Девять дней она сидела, не ела и не пила; ее единственной пищей были слезы и прохладная роса. Она смотрела на солнце, когда оно вставало и проходило свой дневной путь до заката; она не видела ничего другого, ее лицо постоянно поворачивалось за ним. Наконец, говорят, ее тело приросло к земле, лицо стало цветком – подсолнечником, который поворачивается на своем стебле так, чтобы всегда быть обращенным лицом к солнцу на протяжении всего его дневного пути; ибо он в такой мере сохраняет чувство нимфы, от которой произошел.
Нимфа Клития обожала бога-Солнце, который после короткого романа к ней так и не вернулся.
Английский поэт Худ в своих «Цветах» так обращается к Клитии:
Безумная мне Клита не нужна,
За солнцем рабски следует она;
И не Тюльпан – угодливая девка,
Что угождать готова всем по слухам;
Ни Примула – простушка-замарашка,
И не Фиалка – постная монашка;
Я буду гордой розы добиваться,
С царицей кто осмелится равняться?
Подсолнечник – любимый символ постоянства.
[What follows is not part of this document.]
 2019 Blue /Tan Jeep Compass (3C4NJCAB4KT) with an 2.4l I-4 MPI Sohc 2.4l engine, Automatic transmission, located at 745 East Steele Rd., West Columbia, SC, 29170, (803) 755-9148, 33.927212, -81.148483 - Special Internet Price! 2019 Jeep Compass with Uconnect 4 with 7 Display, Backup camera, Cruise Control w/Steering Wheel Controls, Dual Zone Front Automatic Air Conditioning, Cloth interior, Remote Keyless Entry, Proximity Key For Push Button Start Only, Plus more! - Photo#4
Великий английский поэт Томас Мур так использует этот образ:
Нет, не забудет сердце истинной любви;
Коль искреннее чувство, то до гроба
Взирает на него Подсолнух робко
И чувства прячет до утра свои.
Глава VII. Поощрение богов
Мидас и БахусМидас был царем Фригии. Он был сыном Гордия, некогда бедного сельчанина, которого народ сделал царем своей страны, повинуясь приказу оракула, который сказал, что их будущий царь должен приехать в город на повозке. Пока народ на площади совещался, Гордий со своей женой и сыном как раз в этот момент въехал в повозке на городскую площадь.
Таким в древности представляли пьянчужку-Силена
Став царем, Гордий посвятил свою повозку божеству оракула и привязал ее на месте крепким узлом. Это был знаменитый «гордиев узел», и оракулом было возвещено, что тот, кто сможет его развязать, станет властелином всей Азии. Многие старались развязать его, но безуспешно, пока Александр Македонский не прибыл во Фригию. Он, как и другие, также безуспешно испытывал свою сноровку, пока от нарастающего нетерпения не вытащил свой меч и не разрубил злополучный узел. Когда впоследствии Александр достиг своей цели, получив во владение всю Азию, люди стали думать, что слова оракула исполнились в точности.
Однако вернемся к царю Мидасу, с личностью которого связаны не менее удивительные истории.
Однажды бог вина и виноделия Бахус потерял своего учителя и приемного отца Силена. Старик подвыпил и в таком состоянии ушел прочь, отсыпаться, но был найден некими селянами, которые принесли его к своему царю Мидасу. Мидас узнал его и оказал ему гостеприимство, занимая его десять дней и ночей нескончаемым веселым пиршеством. На одиннадцатый день он отвел Силена назад, и возвратил в целости и сохранности его ученику. После этого Бахус предложил Мидасу исполнить любое его желание. Тот, видать, нуждаясь в наличности, попросил его сделать так, чтобы все, к чему бы он ни дотронулся, превращалось в золото. Бахус согласился, хотя посожалел, что Мидас не сделал лучшего выбора.